On Sunday, April 26, 2009, I was ordained as a pastor in the Evangelical Lutheran Church in Canada. Now, I am authorized to administer Word and Sacraments. This took place at my home congregation of Zion Evangelical Lutheran Church in Saskatoon, SK Canada. I will be taking a call in a small rural parish in Davidson and Loreburn, SK.
Immediately after my ordination, a seminary classmate posed a light-hearted but interesting question to me. He asked: “Was there an ontological change after ordination?” Theologically-speaking, I don’t think so…or at least I didn’t feel any different after being ordained. Roman Catholic theology speak of an ontological change effective at the sacrament of ordination but Lutherans and Anglicans do not see ordination as a sacrament or see the pastor any different before one was ordained. Calvin and Luther saw that the only thing different is that one is called to a task that is set apart from that of the lay person.
Peter says: “But you are a chosen people, a royal priesthood, a holy nation, God’s special possession…” (1 Peter 2:9, TNIV). This verse refers to God’s holy people.
Hebrews also refers to Jesus as the great high priest, but to also to an earthly high priest in Hebrews 4:14 – 5:10. “Every high priest is selected from among the people and is appointed to represent them in matters related to God, to offer gifts and sacrifices for sins” (Heb. 5:1, TNIV).

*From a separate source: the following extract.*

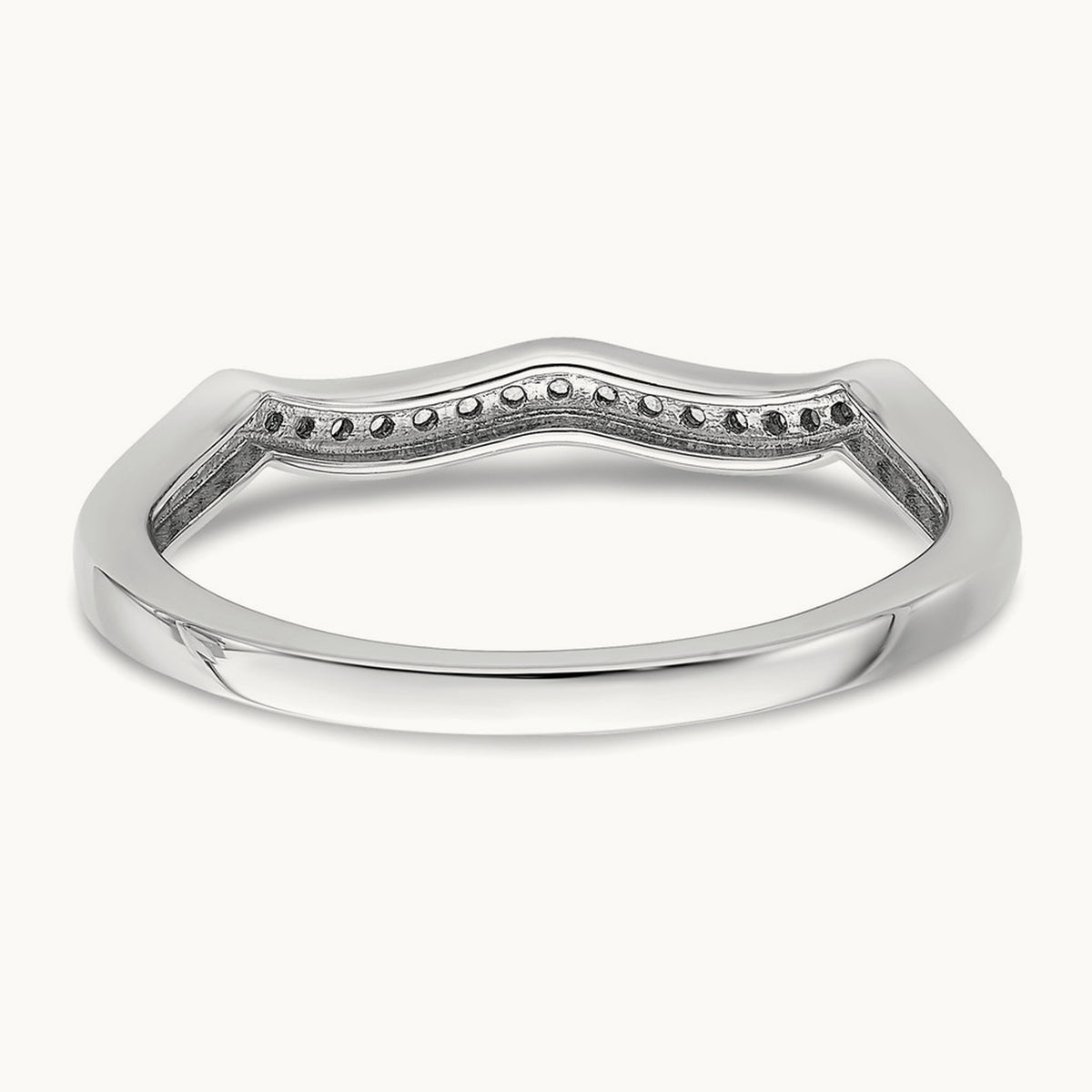 Contoured Diamond Band, 14K White Gold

So who can be a priest? Do we only have one priest in Jesus, or can we have many priest, as in the priesthood of all believers? Can ordination make one a priest before God?
(Note: The larger photo is of the bishop of my synod, and of my parents, wife and daughter. The small group photo of the pastors and classmates has been reduced in order to keep their anonymity. It’s a tradition to pose for a large clergy group photo after ordination.)